Work instructions:
Would you please copy only the lines from the line that contains "Men/Women 3d Hoodies" to the end of the data below, exactly, leaving every picture out?

Information provided:
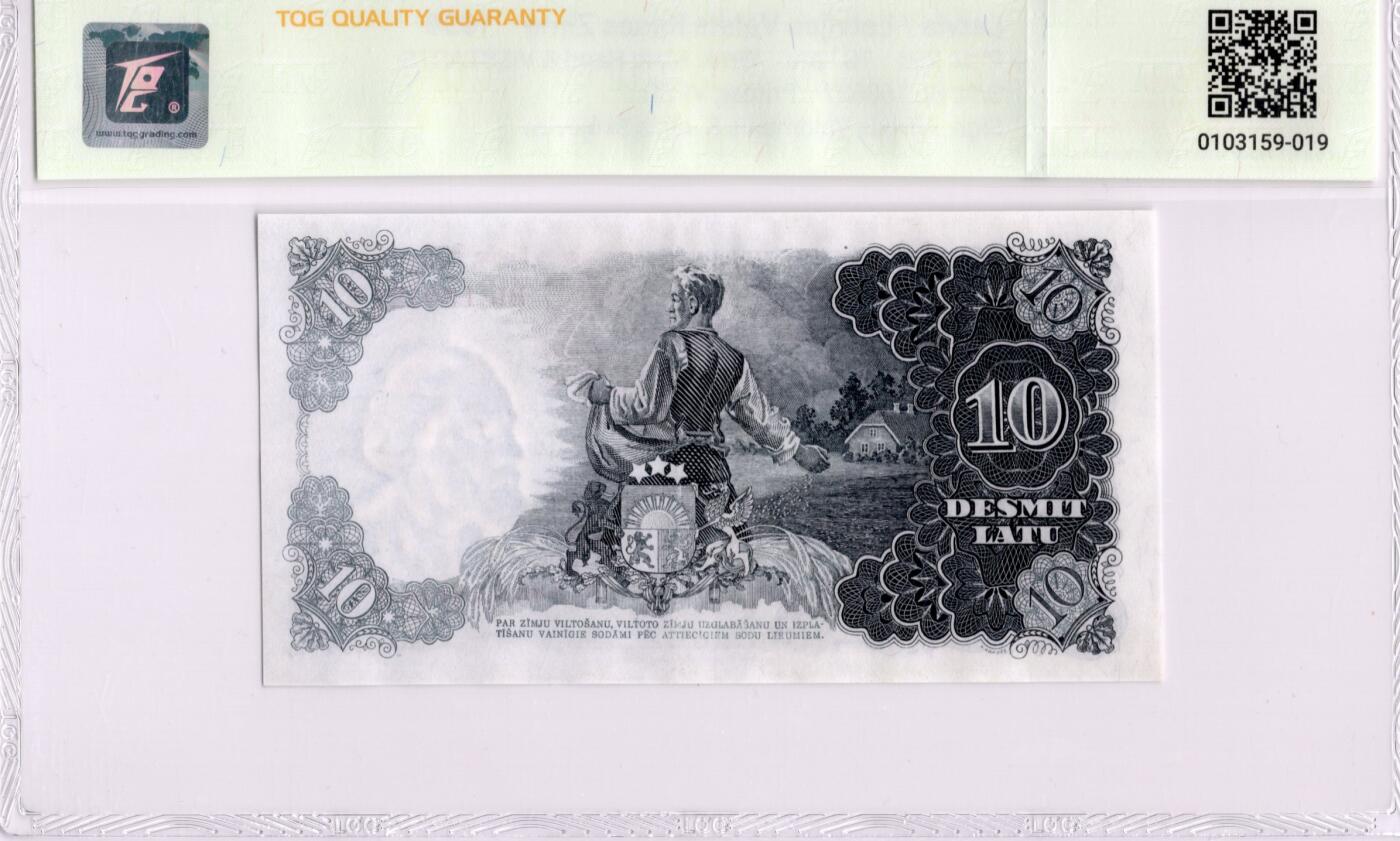 喜羊羊钱币收藏2026第14期(评级币场) 	拉脱维亚	P-29b 1938年10拉图			64				BL 168527						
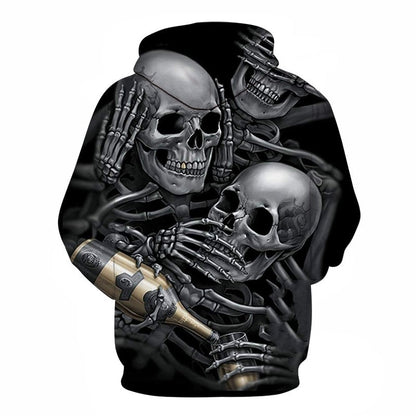 Men/Women 3d Hoodies Skulls Champagne Print  Hooded Hoodies Thin 3d Sweatshirts Hoody Autumn WintTops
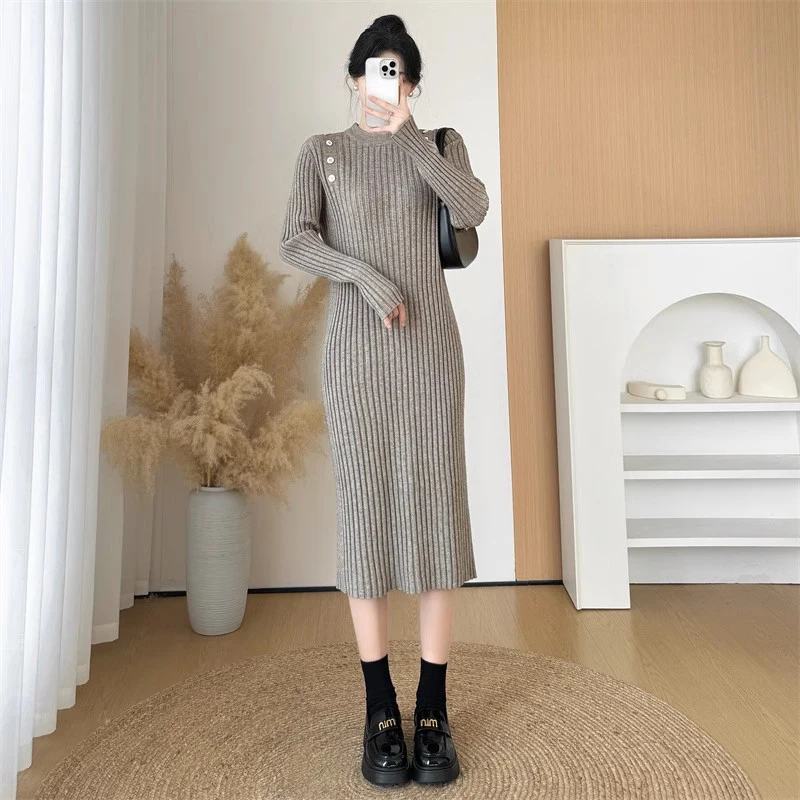 New Women Autumn Winter Long Sweater Fashion O-Neck Long Sleeve Elastic A-Straight Knitted Dress Elegant Basic Sweater Dress
New Women Autumn Winter Long Sweater Fashion O-Neck Long Sleeve Elastic A-Straight Knitted Dress Elegant Basic Sweater Dress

Finished exercise:
 Men/Women 3d Hoodies Skulls Champagne Print  Hooded Hoodies Thin 3d Sweatshirts Hoody Autumn WintTops
 New Women Autumn Winter Long Sweater Fashion O-Neck Long Sleeve Elastic A-Straight Knitted Dress Elegant Basic Sweater Dress
New Women Autumn Winter Long Sweater Fashion O-Neck Long Sleeve Elastic A-Straight Knitted Dress Elegant Basic Sweater Dress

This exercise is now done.